§ INSTRUCTIONS TO FOLLOW:
The records below need to be repeated exactly, though not their pictures.

§ DATA IN THIS EXERCISE:
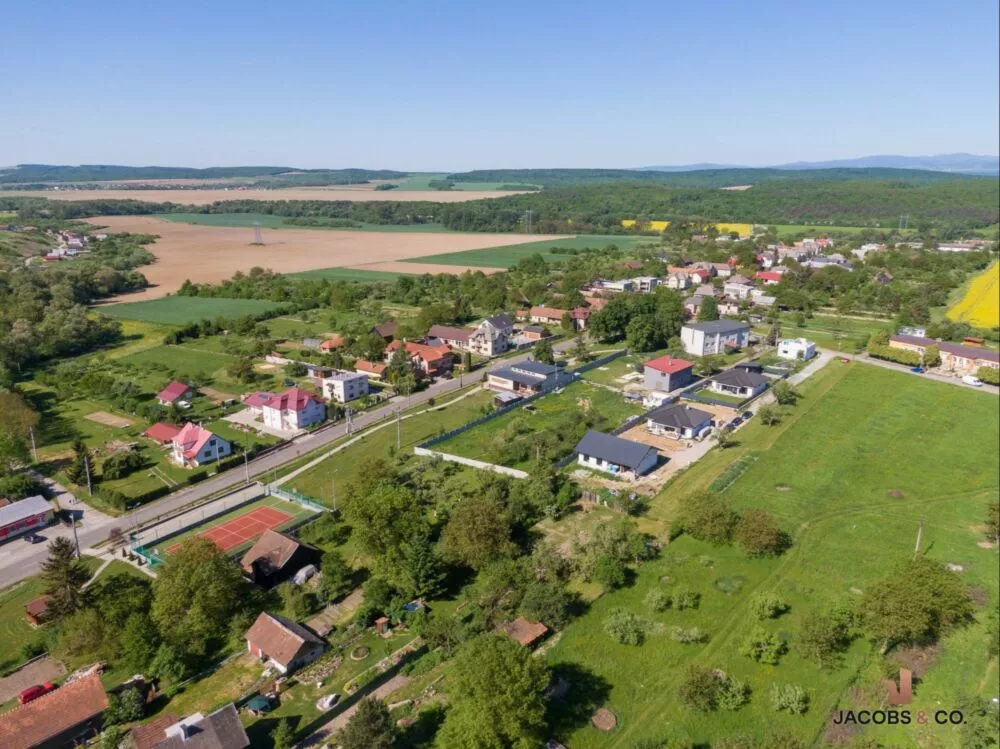 Rodinný dom na predaj 119m2, Čakanovce, 116738_6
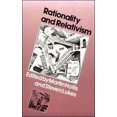 thumbnail image 2 of Rationalité et Relativisme, Steven Lukes, Martin Hollis Livre Broché, 2 of 3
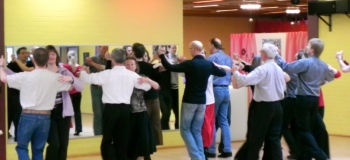 Worshop_SlowFox_2012-014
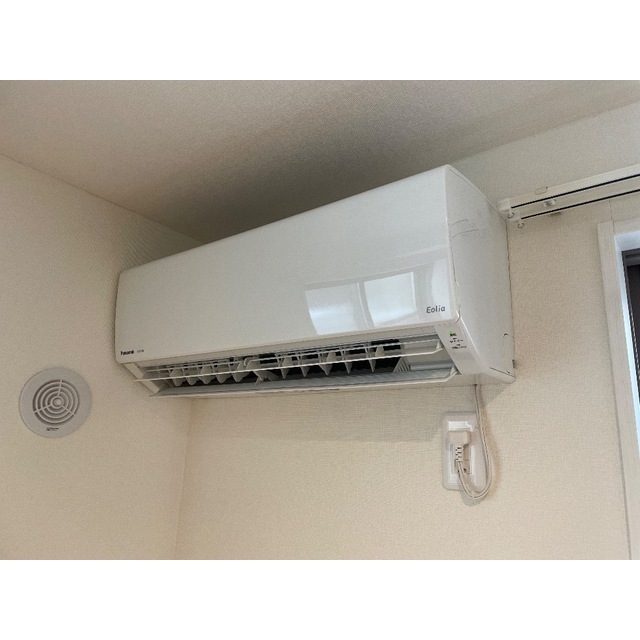 イルデパン102号室 部屋その他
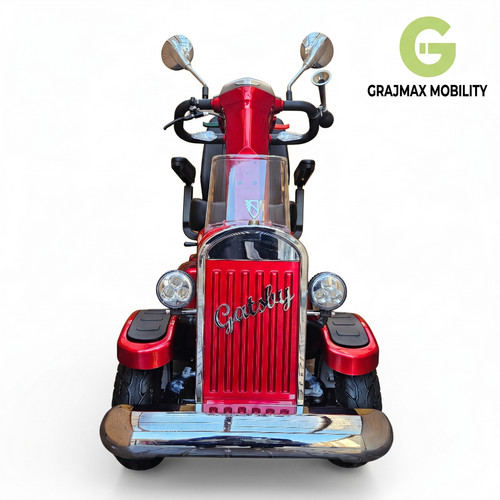 Eden gatsby vintage style - eden,
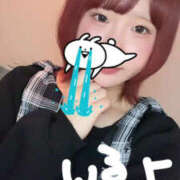 ヒメ日記 2026/10/14 20:04 投稿 ひいらぎ♡未経験素人美女♡ 即生専門店ゴッドパイ
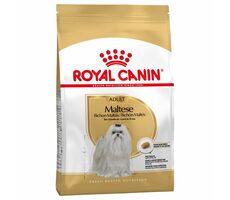 Royal Canin Maltese Adult 1.5 kg / Granule pre psov / pre dospelých Maltézákov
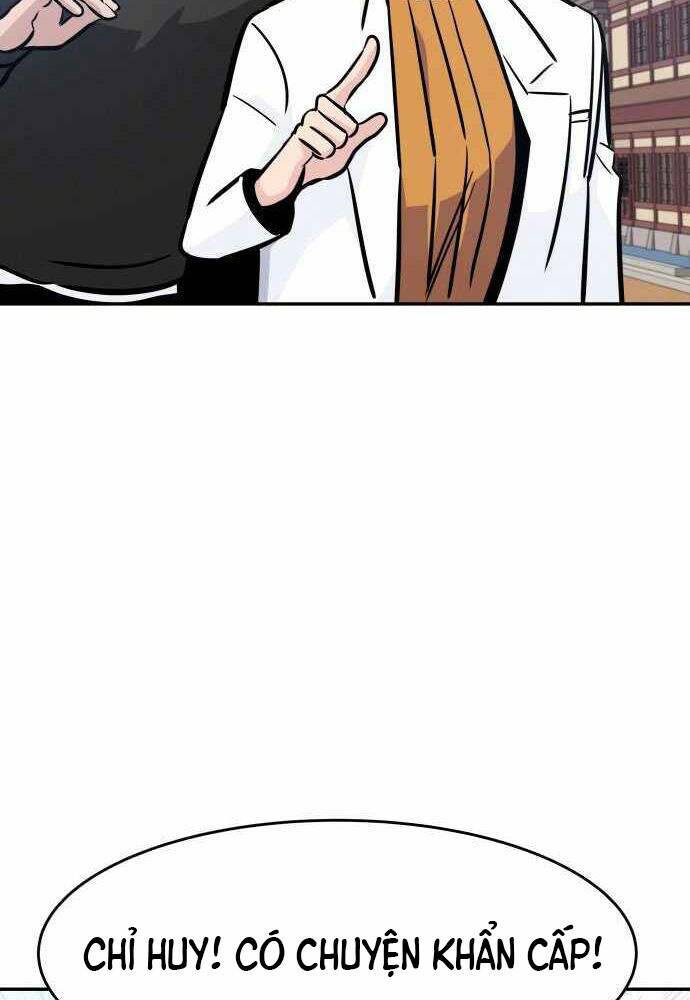 Kẻ Đa Tài - Chapter 42 - Page 154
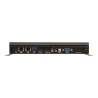 AOpen Industrial Engine DEX3450-W - Reproductor de señalizac | APLIUM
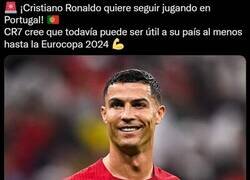 Enlace a Soltar, Cris, soltar.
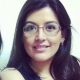 Loreto Grandón Muñoz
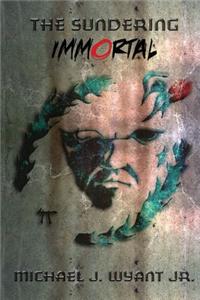 The Sundering: Immortal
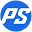 powerslide.de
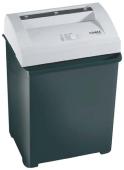 UDGET Dahle Makuleringsmaskine  Model 20082 CD/DVD/CC PAPIR Mak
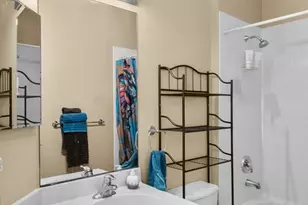 222 SW Manatee Springs Way, Port Saint Lucie, FL 34986 - Photo 23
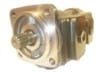 Pompa hydrauliczna zębata Parker 6415  20/906900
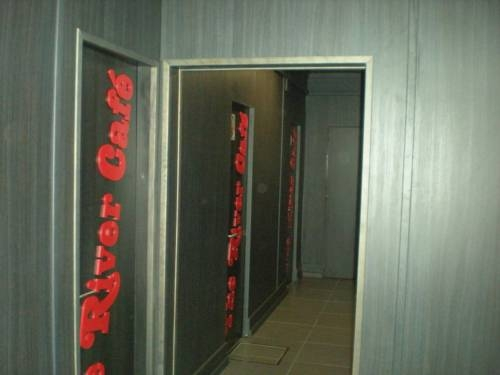 Hotel Guadaira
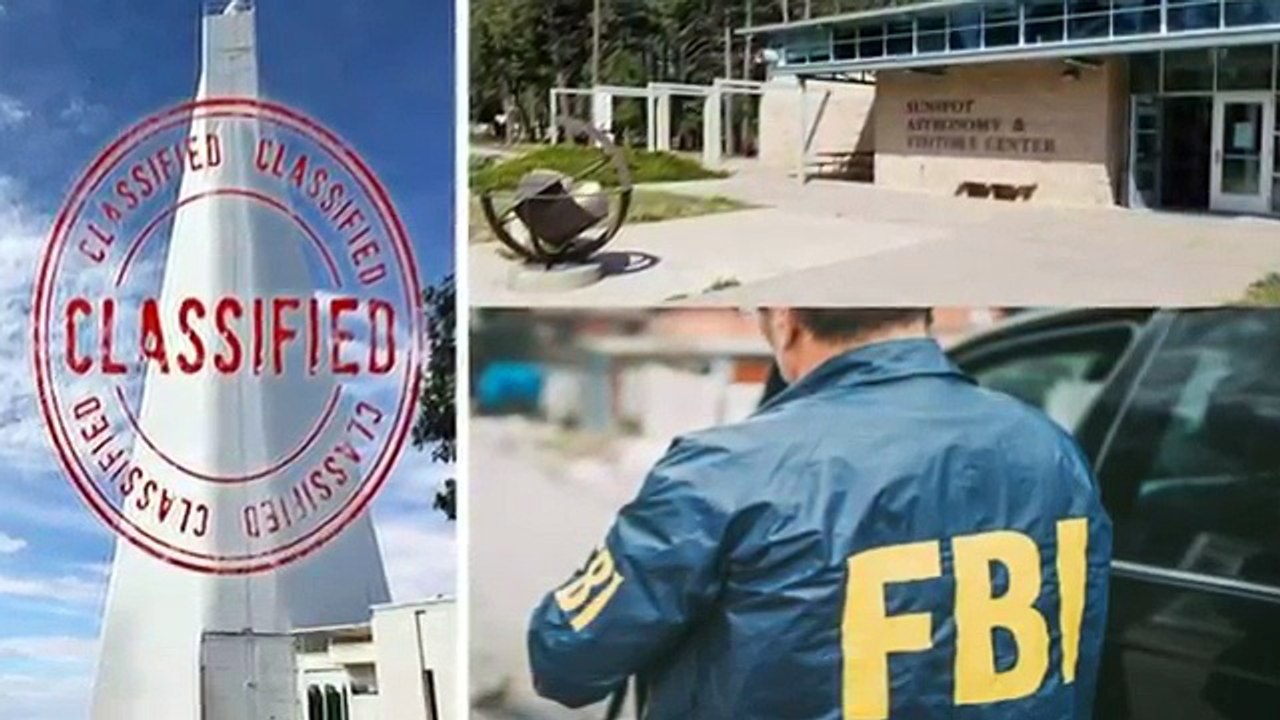 Entrevista a Sixto Paz Wells 2018 Segunda Parte_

§ TASK RESPONSE:
 Rodinný dom na predaj 119m2, Čakanovce, 116738_6
 thumbnail image 2 of Rationalité et Relativisme, Steven Lukes, Martin Hollis Livre Broché, 2 of 3
 Worshop_SlowFox_2012-014
 イルデパン102号室 部屋その他
 Eden gatsby vintage style - eden,
 ヒメ日記 2026/10/14 20:04 投稿 ひいらぎ♡未経験素人美女♡ 即生専門店ゴッドパイ
 Royal Canin Maltese Adult 1.5 kg / Granule pre psov / pre dospelých Maltézákov
 Kẻ Đa Tài - Chapter 42 - Page 154
 AOpen Industrial Engine DEX3450-W - Reproductor de señalizac | APLIUM
 Enlace a Soltar, Cris, soltar.
 Loreto Grandón Muñoz
 The Sundering: Immortal
 powerslide.de
 UDGET Dahle Makuleringsmaskine  Model 20082 CD/DVD/CC PAPIR Mak
 222 SW Manatee Springs Way, Port Saint Lucie, FL 34986 - Photo 23
 Pompa hydrauliczna zębata Parker 6415  20/906900
 Hotel Guadaira
 Entrevista a Sixto Paz Wells 2018 Segunda Parte_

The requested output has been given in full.